It is a purely pagan epic, and from its complete silence as to Finland's
neighbors, the Russians, Germans, and Swedes, it is supposed to date back
at least three thousand years.
The first attempt to collect Finnish folk-song was made in the seventeenth
century by Palmskoeld and Peter Baeng. In 1733, Maxenius published a volume
on Finnish national poetry, and in 1745 Juslenius began a collection of
national poems. Although scholars saw that these collected poems were
evidently fragments of a Finnish epic, it remained for two physicians,
Zacharias Topelius and Elias Loennrot, to collect the entire poem.
Topelius, though confined to his bed by illness for eleven years, took
down the songs from travelling merchants brought to his bedside. His
collections were published in 1822 and 1831. Loennrot travelled over
Finland, collecting the songs, which he published, arranged in epical
form, in 1835. A revised edition was published in 1849.

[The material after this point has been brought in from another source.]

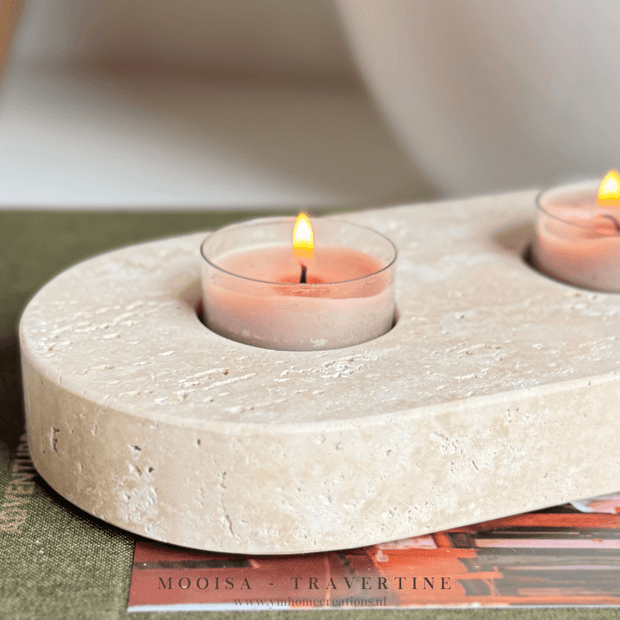 MOOISA Travertine Waxinelichthouder 3 Stuks op 1 Plateau. Prachtige toevoeging aan jouw interieur. Supermooi, elegant, stoer & luxe Kandelaar, gemaakt uit mooi natuurlijk massief beige, crème travertijn. TREND VAN NU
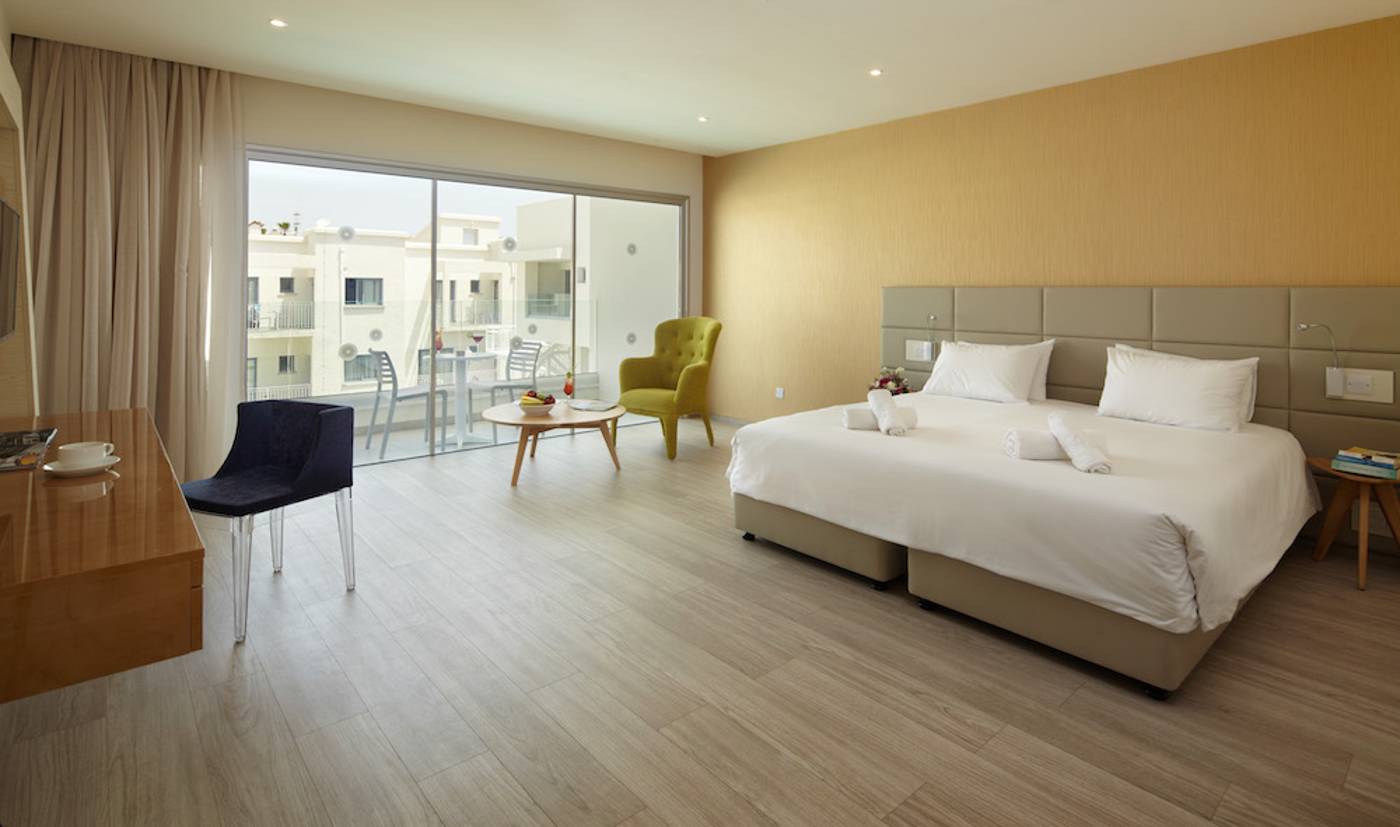Melpoantio Luxury Suites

The Kalevala consists of fifty parts, or runes, containing twenty-two
thousand seven hundred and ninety-three lines. Its historical foundation
is the contests between the Finns and the Lapps.
Its metre is the "eight syllabled trochaic with the part-line echo,"
alliteration also being used, a metre familiar to us through Longfellow's
"Hiawatha."
The labors of a Wolf are not necessary to show that the Kalevala is
composed of various runes or lays, arranged by a compiler.